Ex-suspect criticizes anti-terrorism laws

Andrew Kramer Associated Press

PORTLAND – Brandon Mayfield, the Oregon lawyer who got a rare apology from the FBI after being wrongly held for this spring’s deadly train bombings in Madrid, argued Friday for reform of the anti-terrorism laws that allowed federal agents to search his home and detain him for two weeks.

The 37-year-old attorney spoke to civic leaders at Portland’s City Club, in one of several recent appearances for the family law attorney and father of three young children.

Recounting his harrowing arrest and abrupt release, Mayfield said he feared for his life in jail when other inmates believed he was a terrorism suspect. He said he felt hopeless as his attorney told him he could face the death penalty for killing 200 people in Spain – an act with which he had nothing to do.

He only regained some trust in the U.S. judicial system when he was freed, Mayfield told his audience.

“There was something inherently wrong about how this all went down,” Mayfield said. “Just yesterday I told my wife that it felt like an ordinary day.
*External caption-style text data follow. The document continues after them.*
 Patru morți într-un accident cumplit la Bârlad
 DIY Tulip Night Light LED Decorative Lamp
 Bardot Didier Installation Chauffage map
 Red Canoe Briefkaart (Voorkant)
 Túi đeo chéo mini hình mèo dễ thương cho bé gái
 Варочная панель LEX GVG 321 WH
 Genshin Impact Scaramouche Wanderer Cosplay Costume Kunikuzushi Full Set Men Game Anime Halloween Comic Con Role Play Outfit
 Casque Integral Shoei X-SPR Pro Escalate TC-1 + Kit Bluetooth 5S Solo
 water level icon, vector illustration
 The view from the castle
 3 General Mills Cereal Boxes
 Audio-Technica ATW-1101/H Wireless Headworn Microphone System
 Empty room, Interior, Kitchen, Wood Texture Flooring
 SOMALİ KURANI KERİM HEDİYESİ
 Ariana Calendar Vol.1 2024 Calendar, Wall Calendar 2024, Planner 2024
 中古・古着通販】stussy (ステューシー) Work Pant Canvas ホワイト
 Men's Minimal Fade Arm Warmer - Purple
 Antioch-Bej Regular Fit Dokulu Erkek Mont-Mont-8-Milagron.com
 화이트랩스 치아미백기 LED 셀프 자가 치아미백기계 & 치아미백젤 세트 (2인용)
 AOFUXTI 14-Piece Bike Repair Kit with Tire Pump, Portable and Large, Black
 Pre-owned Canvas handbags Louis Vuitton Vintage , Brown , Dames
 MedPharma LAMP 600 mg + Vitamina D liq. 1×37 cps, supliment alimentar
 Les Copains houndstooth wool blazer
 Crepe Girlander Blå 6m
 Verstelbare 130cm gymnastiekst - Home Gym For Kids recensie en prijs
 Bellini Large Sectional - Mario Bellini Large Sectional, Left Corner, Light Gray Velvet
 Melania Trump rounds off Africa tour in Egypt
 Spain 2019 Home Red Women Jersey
I’ve stopped shaking.”

FBI agents swept into Mayfield’s law office May 6 and arrested him on a material witness warrant, after matching his fingerprint to one on a plastic bag containing detonators found near the site of the March 11 bombings in Spain. Federal officials also cited Mayfield’s ties to a local mosque as contributing to their suspicion.

The agency freed him two weeks later after Spanish forensic experts convinced the FBI that the match was an error. The agency’s Portland office issued an apology.

The inspector general of the Justice Department is currently investigating the mistake, Mayfield’s public defender, Steven Wax, said Friday. Mayfield is considering filing a lawsuit.

Earlier this month, Mayfield spoke at a civil rights forum in Chicago. He promised Friday to make public appearances to encourage voters to consider civil rights issues this election season – regardless of their political leanings.

Mayfield, owner of his own small legal business, said he voted for George Bush in 2000, but said he will not vote for Bush this year.

Mayfield said he never should have been placed in jail, even if the government had reason to believe he had information about the Spain bombings. Without probable cause of a crime, such witnesses should be put up in the Hilton, Mayfield said.

But his faith in the judicial system remains, he said. He was glad, he said, to find that the FBI agents who searched his law office had not removed a poster of the Bill of Rights he had hung on a wall.

The lunchtime speech was billed as a public debate between Wax, Mayfield and an official either from the FBI or the U.S. Attorney’s office. U.S. Attorney in Oregon, Karin Immergut, issued a statement saying she could not attend because of the possibility that Mayfield will file a civil lawsuit against the government for his arrest, and because of secrecy rules surrounding grand jury proceedings.